Posted on: Saturday, January 8, 2005

Coral dating tells story of Maui kingdom's rise

By Jan TenBruggencate
Advertiser Science Writer

Scientists have used coral dating, a technique new to archaeology, to determine than many major Hawaiian temples on Maui were built within a 30-year span.

The period, from the late 1500s to early 1600s, appears to coincide with the rule of Pi'ilani, the first chief to bring Maui under unified rule. Archaeologist Patrick Kirch said it suggests that Pi'ilani may have promoted temple construction as a way of solidifying his authority.

He said he now hopes to expand the coral dating technique to other islands and to the South Pacific.

"I think you could use it ... to solve numerous chronology problems" in archaeology, he said.

Kirch is an anthropology professor at the University of California at Berkeley who has worked extensively in Hawai'i, notably in the Kahikinui region of Maui.

He said he had noted that many Hawaiian stone temples, or heiau, had pieces of coral inside their walls. And the corals were unworn, suggesting they had been collected live and perhaps used as offerings.

A traditional tool used in archaeological dating is carbon-14 analysis of pieces of wood found at dig sites. But Kirch said the carbon-14 technique for dating wood is unreliable for dates within the past few hundred years. He sought out fellow scientist Warren Sharp of the Berkeley Geochronology Center, who has been using radioactivity dating techniques on fossil coral reefs.

The system, briefly, is this: Corals take up uranium from ocean water. Uranium degrades at a known rate into thorium, and the ratio of isotopes of uranium to isotopes of thorium provides a means for determining the age of the coral.

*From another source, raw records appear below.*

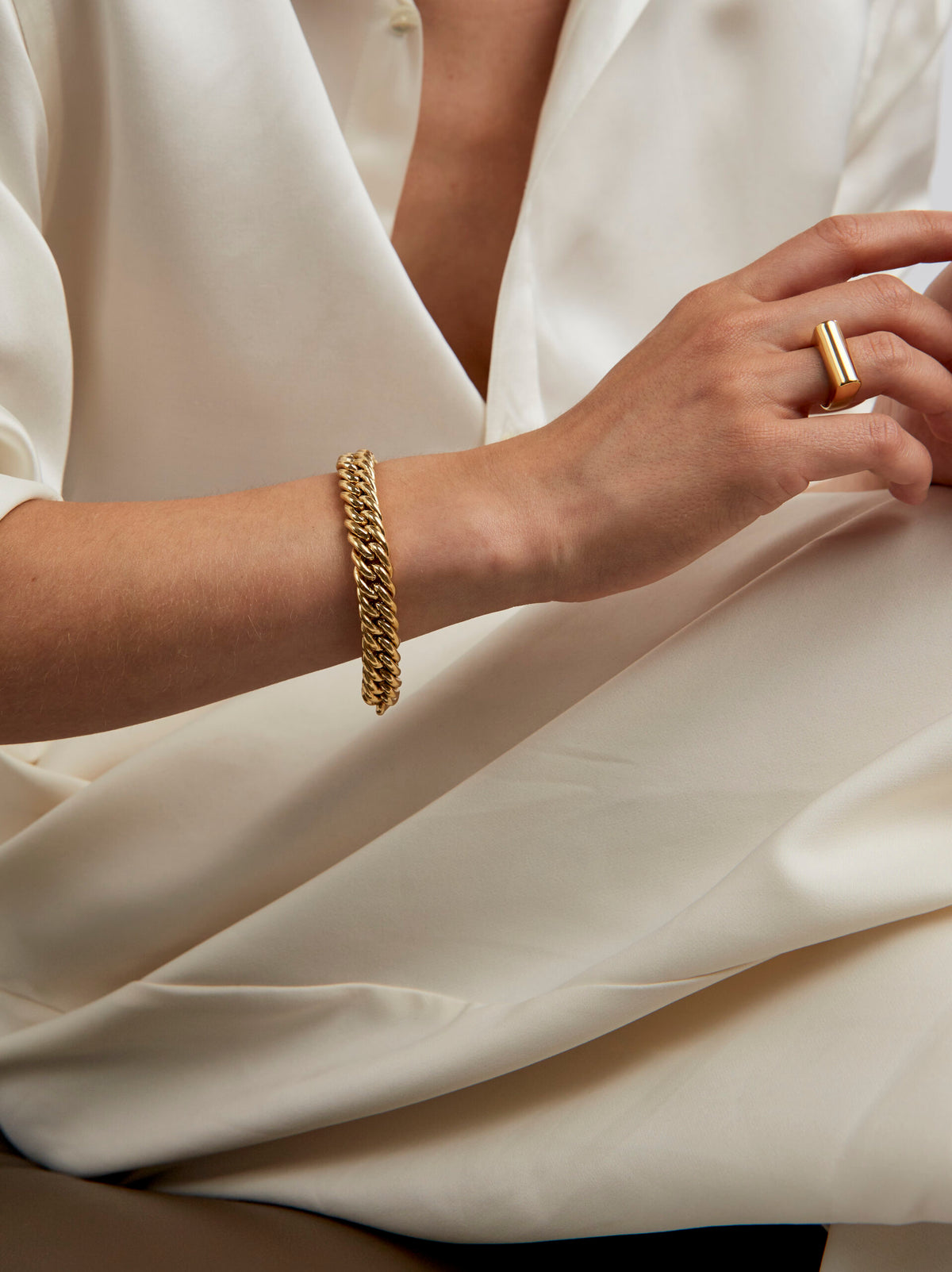 Tilly Sveaas Small Gold Curb Link Bracelet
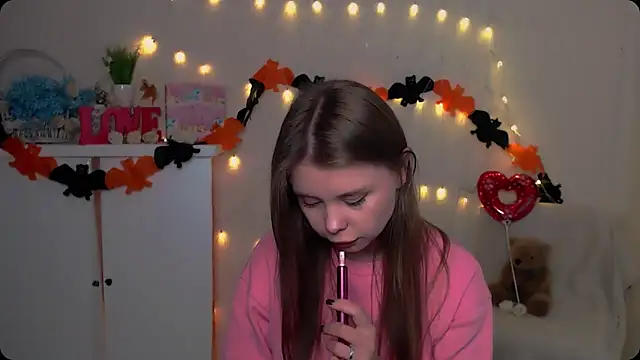 Snapshot of OceanicDawn chatting on 10/25/25, 08:55 OceanicDawn online show from 10/25/25, 08:55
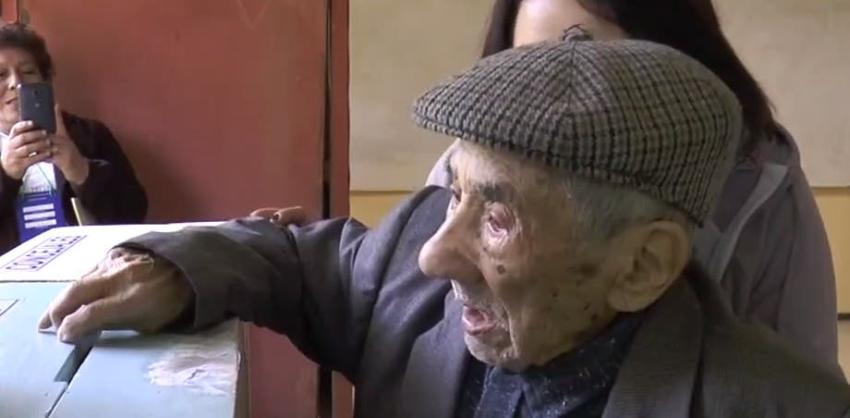 [VIDEO] Así votó el hombre más longevo de Chile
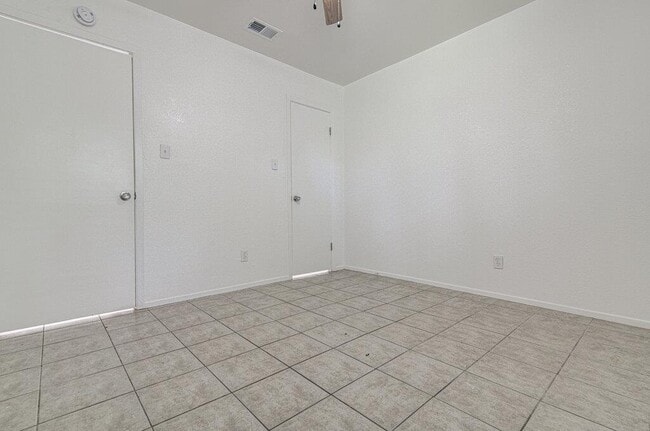 Building Photo - 805 Sirocco Dr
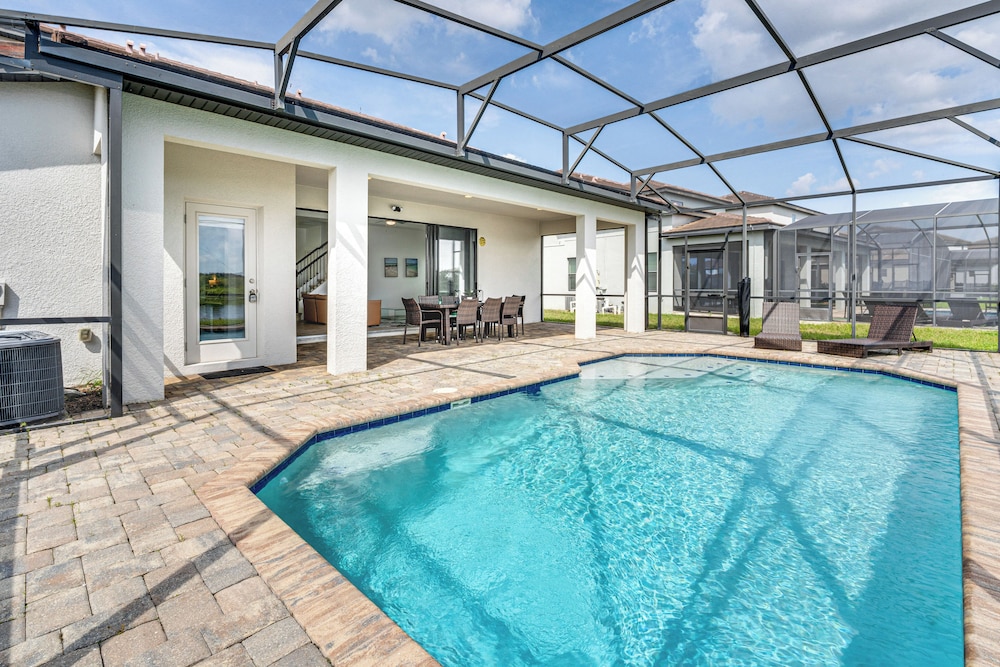 Balmoral Resort Home: Private Pool w/ Lake Views!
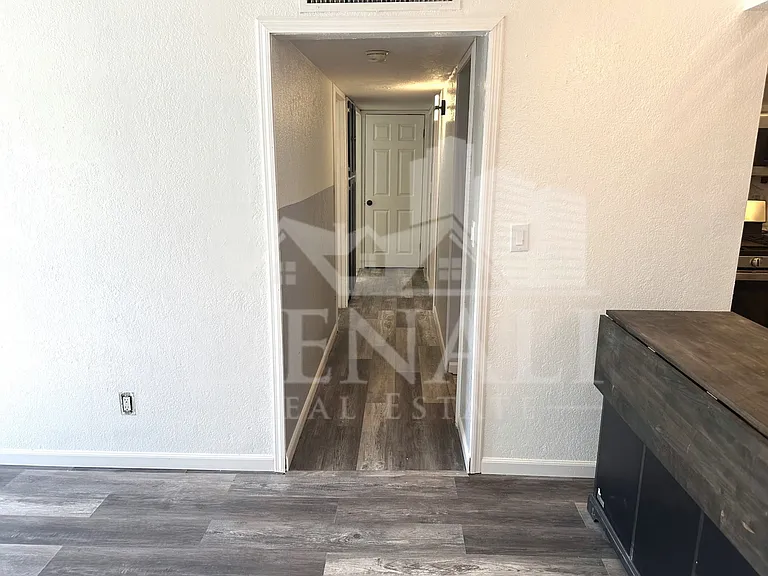 216 E Carol Ave — Photo 7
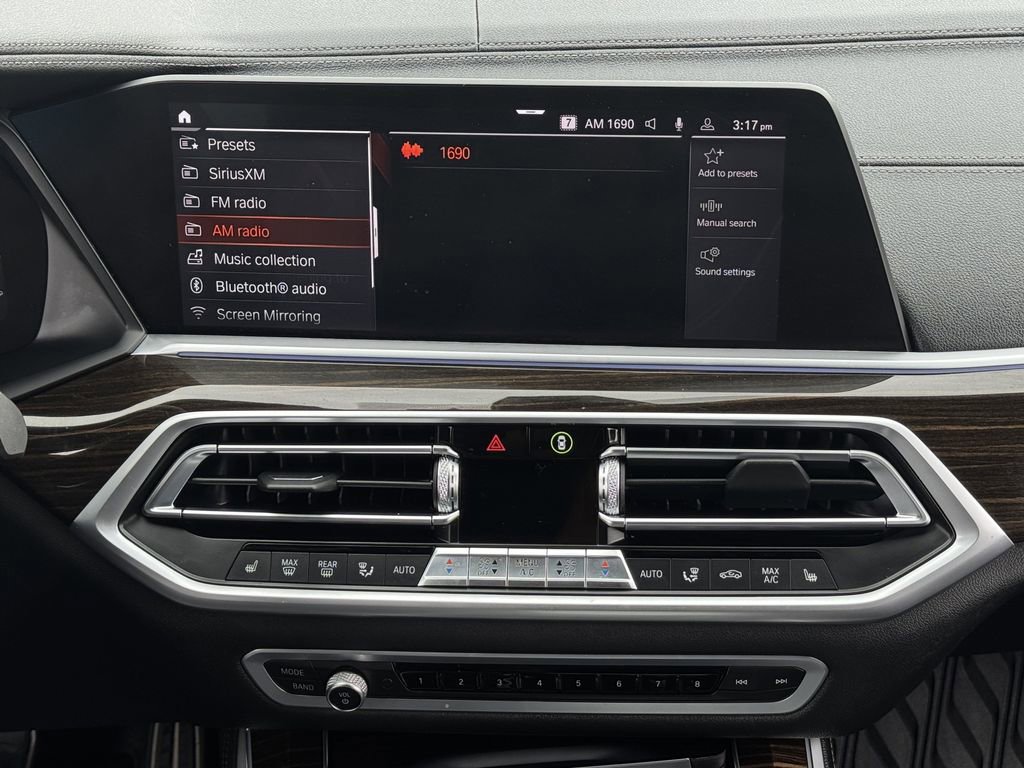 Used 2020 BMW X5 xDrive40i w/ M Sport Package AWD/4WD image 16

Few archaeologists have experience with the technique, but they are hopeful about it.

"If the uranium-thorium thing does work out, it could be very useful," said Tom Dye, of the archaeology firm T.S. Dye and Colleagues. "I have been experimenting with other techniques using carbon-14 dating that may be able to bring the range of variability way down, but they are very expensive."

When corals from seven heiau at Kahikinui on Maui and one heiau at Kawela on Moloka'i were dated, the youngest lobes of the corals turned out to have remarkably similar ages.

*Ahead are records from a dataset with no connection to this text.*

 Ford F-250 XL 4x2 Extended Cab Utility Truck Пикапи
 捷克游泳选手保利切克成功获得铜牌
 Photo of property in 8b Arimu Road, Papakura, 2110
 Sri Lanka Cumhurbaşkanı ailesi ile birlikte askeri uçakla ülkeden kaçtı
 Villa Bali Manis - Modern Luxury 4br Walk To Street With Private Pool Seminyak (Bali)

The temples included upland agricultural heiau, coastal fishing shrines and other forms. But another clue to consistent origin is that the architecture of all the temples was very similar, he said — "not as if they were built by one family here and another family there," but as if a consistent design had been dictated by an overall authority.

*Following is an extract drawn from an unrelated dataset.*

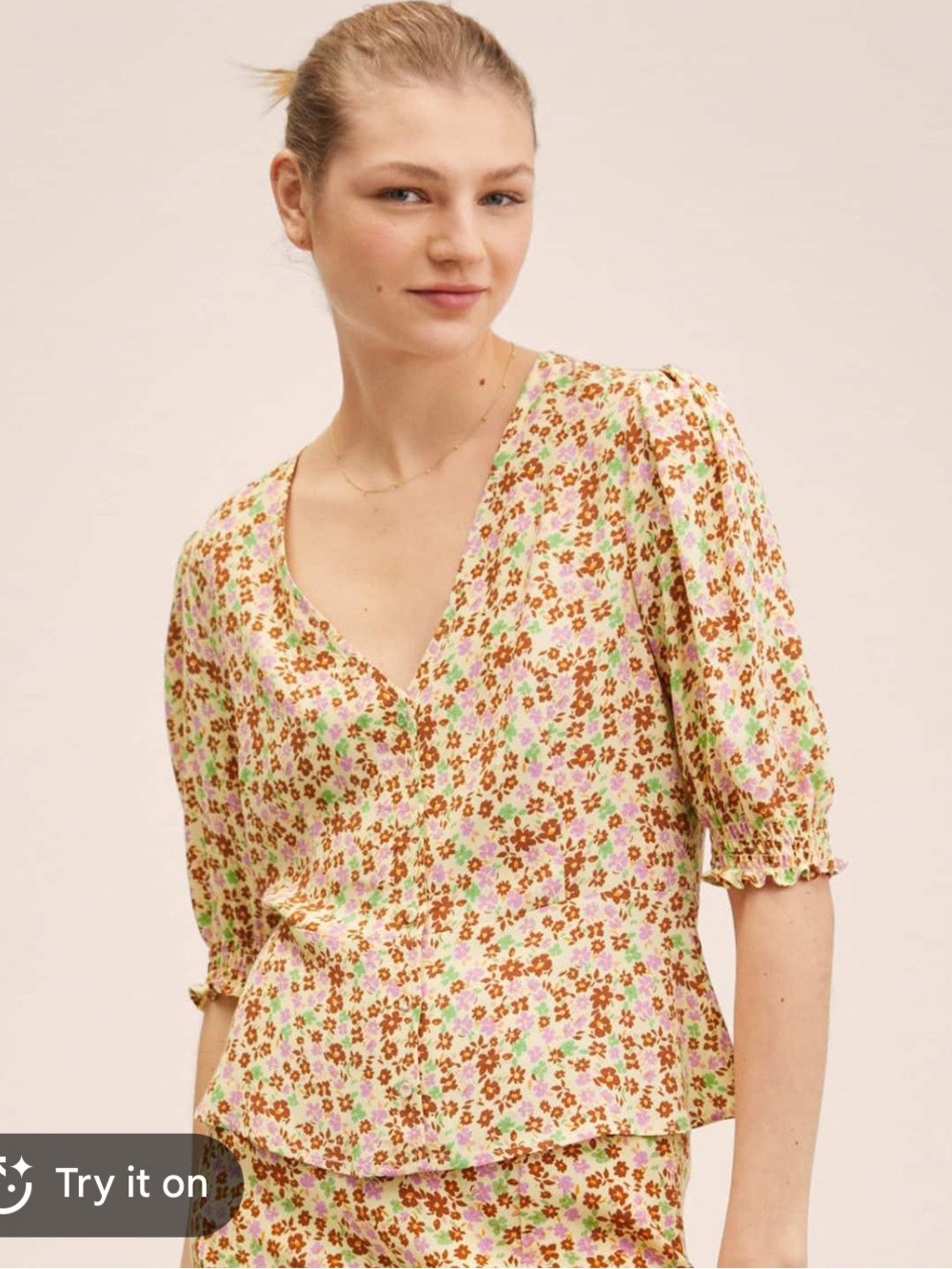 NWT Mango Ditsy Floral V-Neck Button Blouse Size 4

Kirch said the Big Island chief Umi-a-Liloa had islandwide control of Hawai'i island about the same time, and he would like to expand the coral dating to temples there, to see if there are similar findings. He said that corals are also found in Tahitian temples, called marae, and could be useful for dating them.

In an article in the journal Science, Kirch and Sharp said that temples functioned as mechanisms for the control of the production of food, and that they may provide clues to the transition of early Hawaiian culture from a decentralized series of chiefdoms to large-scale governments with central control.

"The rate at which these changes took place has been uncertain," the scientists wrote.

Their work suggests that it happened very quickly.